- **Input data**

..............................

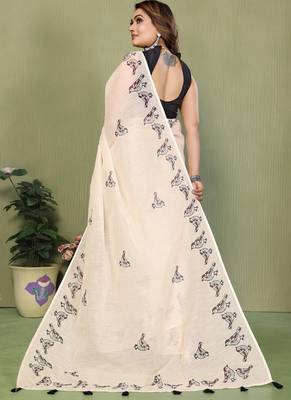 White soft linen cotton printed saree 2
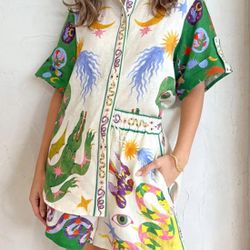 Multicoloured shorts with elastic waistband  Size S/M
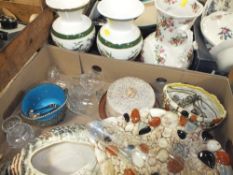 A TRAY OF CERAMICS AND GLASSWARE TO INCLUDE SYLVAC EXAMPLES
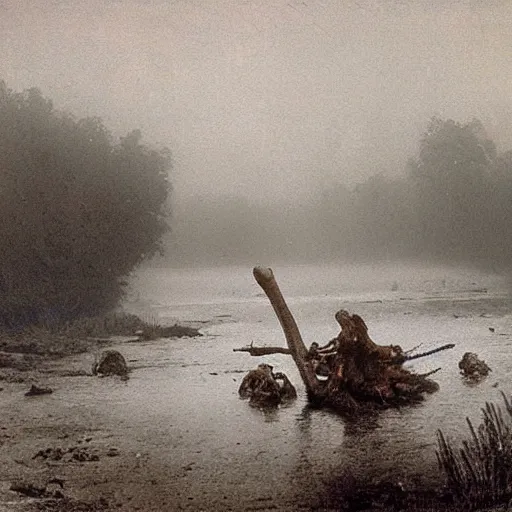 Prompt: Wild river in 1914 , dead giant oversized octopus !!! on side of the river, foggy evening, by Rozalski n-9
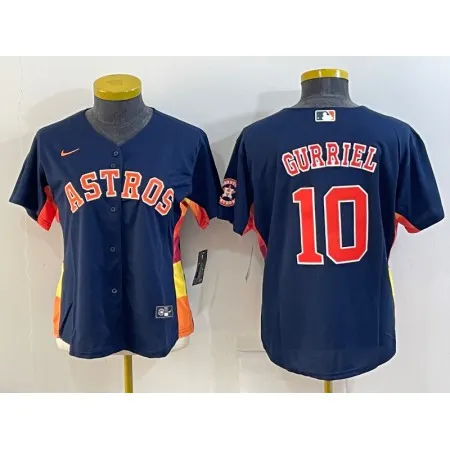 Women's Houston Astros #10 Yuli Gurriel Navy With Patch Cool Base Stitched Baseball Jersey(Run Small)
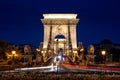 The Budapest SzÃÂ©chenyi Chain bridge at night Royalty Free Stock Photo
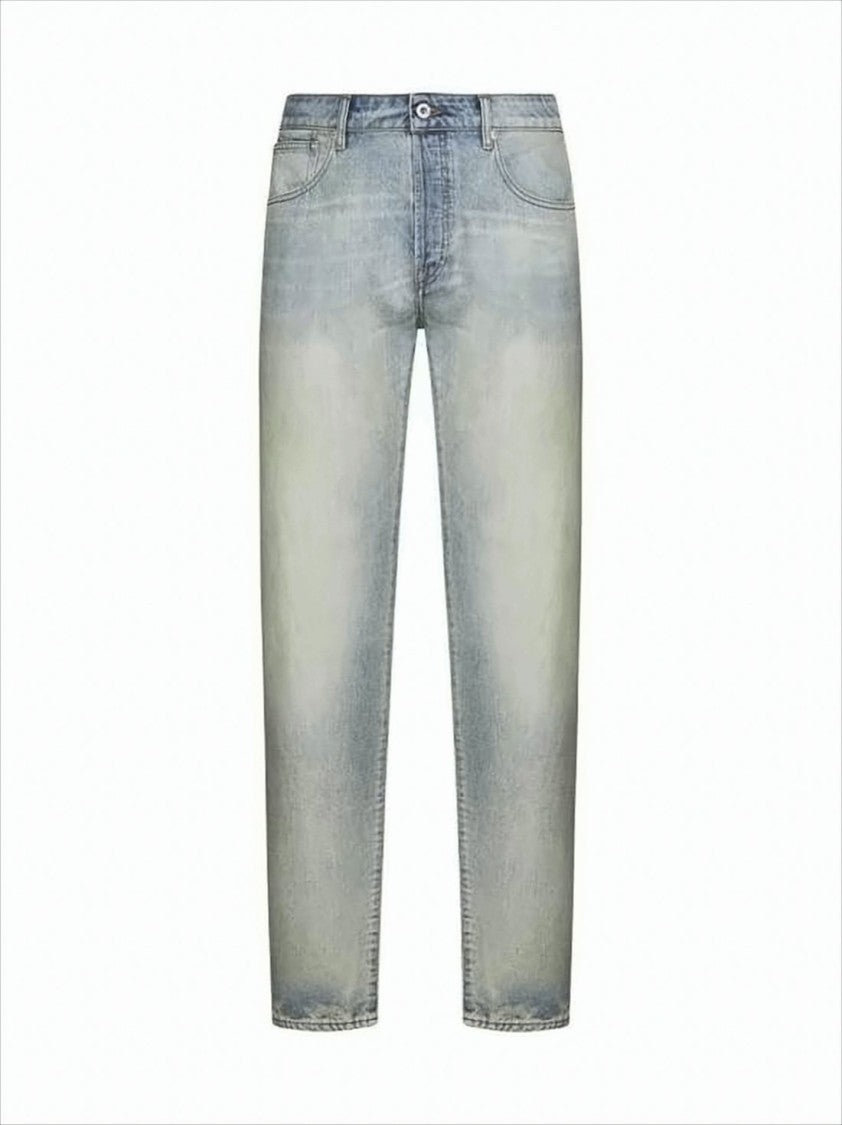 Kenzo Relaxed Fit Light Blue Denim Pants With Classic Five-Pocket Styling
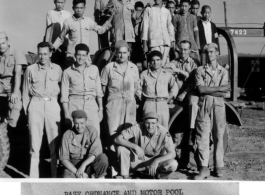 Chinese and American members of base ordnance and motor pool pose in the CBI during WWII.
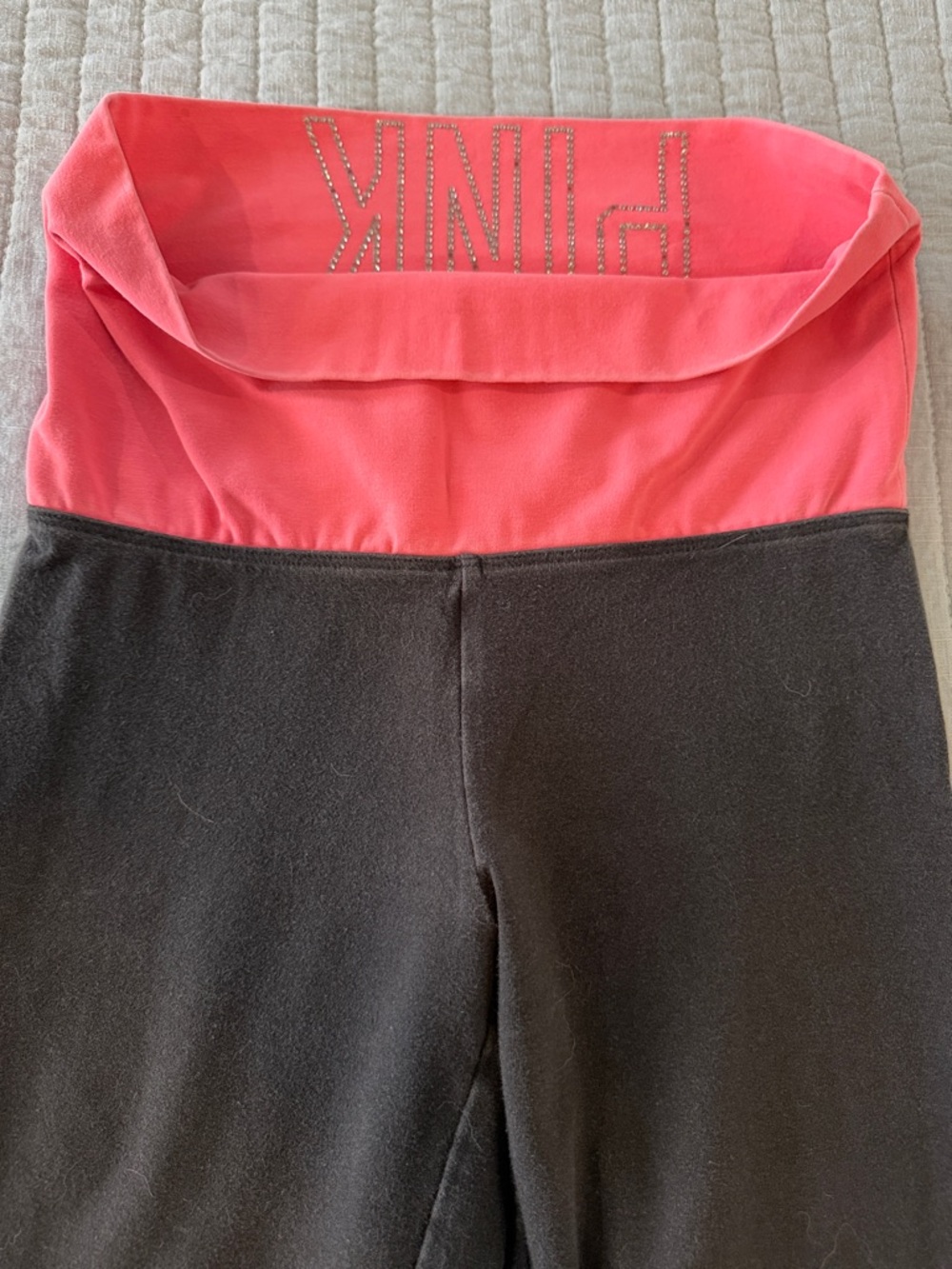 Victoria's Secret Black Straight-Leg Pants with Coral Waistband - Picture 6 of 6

..............................

- **Work to complete**
Give all of the material again, exactly, apart from the pictures.

- **Result of this task**
 White soft linen cotton printed saree 2
 Multicoloured shorts with elastic waistband  Size S/M
 A TRAY OF CERAMICS AND GLASSWARE TO INCLUDE SYLVAC EXAMPLES
 Prompt: Wild river in 1914 , dead giant oversized octopus !!! on side of the river, foggy evening, by Rozalski n-9
 Women's Houston Astros #10 Yuli Gurriel Navy With Patch Cool Base Stitched Baseball Jersey(Run Small)
 The Budapest SzÃÂ©chenyi Chain bridge at night Royalty Free Stock Photo
 Kenzo Relaxed Fit Light Blue Denim Pants With Classic Five-Pocket Styling
 Chinese and American members of base ordnance and motor pool pose in the CBI during WWII.
 Victoria's Secret Black Straight-Leg Pants with Coral Waistband - Picture 6 of 6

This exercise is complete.